PMCID: PMC8371677  NIHMSID: NIHMS1671477  PMID: 34397969

Abstract

Stroke is a leading cause of disability and mortality, and the incidence of ischemic stroke is projected to continue to rise in coming decades. These projections emphasize the need for improved imaging techniques for accurate diagnosis allowing effective treatments for ischemic stroke. Ischemic stroke is commonly evaluated with CT or MRI. Noncontrast CT is typically utilized within 4.5 hours of symptom onset to identify candidates for thrombolysis. Beyond this time window, thrombolytic therapy may lead to poor outcomes if patients are not optimally selected using appropriate imaging. MRI provides an accurate method for the earliest identification of core infarct, and MR perfusion can identify salvageable hypoperfused penumbra. The prognostic value for a better outcome in these patients lies in the ability to distinguish between core infarct and salvageable brain at risk—the ischemic penumbra—which is a function of the degree of ischemia and time. Many centers underutilize MRI for acute evaluation of ischemic stroke. This review will illustrate how perfusion-diffusion mismatch calculated from diffusion-weighted MRI and MR perfusion is a reliable approach for patient selection for stroke therapy and can be performed in timeframes that are comparable to CT-based algorithms while providing potentially superior diagnostic information.

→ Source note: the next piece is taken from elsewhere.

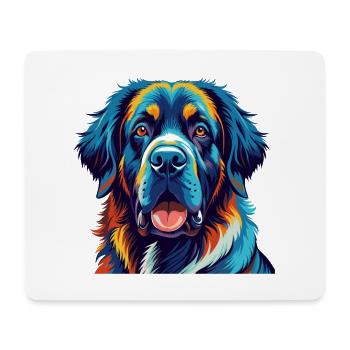 Spanische Dogge Hunderasse Bunte Karikatur Kawaii - Mousepad (Querformat) - Weiß - Vorne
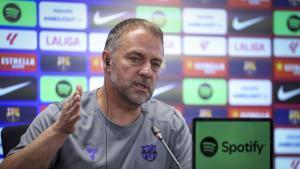 Flick compara el Barça: «Tenim el mateix nivell que el PSG i el Bayern, cent per cent»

Keywords: Diffusion-Perfusion Mismatch, Penumbra, Mechanical Thrombectomy, Large Vessel Occlusion Ischemic Stroke

INTRODUCTION

Stroke is a leading cause of morbidity and mortality. The incidence of stroke in the United States is currently approximately 800,000 cases annually.1 Among stroke subtypes, ischemic stroke encompasses 87% of all strokes in the United States.2 Clinical outcome after stroke is dependent on timely detection and intervention. Accepted definitions and guidelines for management exist.3 In spite of such guidance, variability in individual physiology, risk factors, time of onset, and presentation can confound evaluation. It is often difficult to properly assess the many factors at play, particularly when seeking to minimize delays given the need for timely action in patients suitable for therapy. While diffusion and perfusion techniques have been available for many years, more recent advancements in interventional therapy and results from multicenter trials have solidified their use in patient selection and treatment planning.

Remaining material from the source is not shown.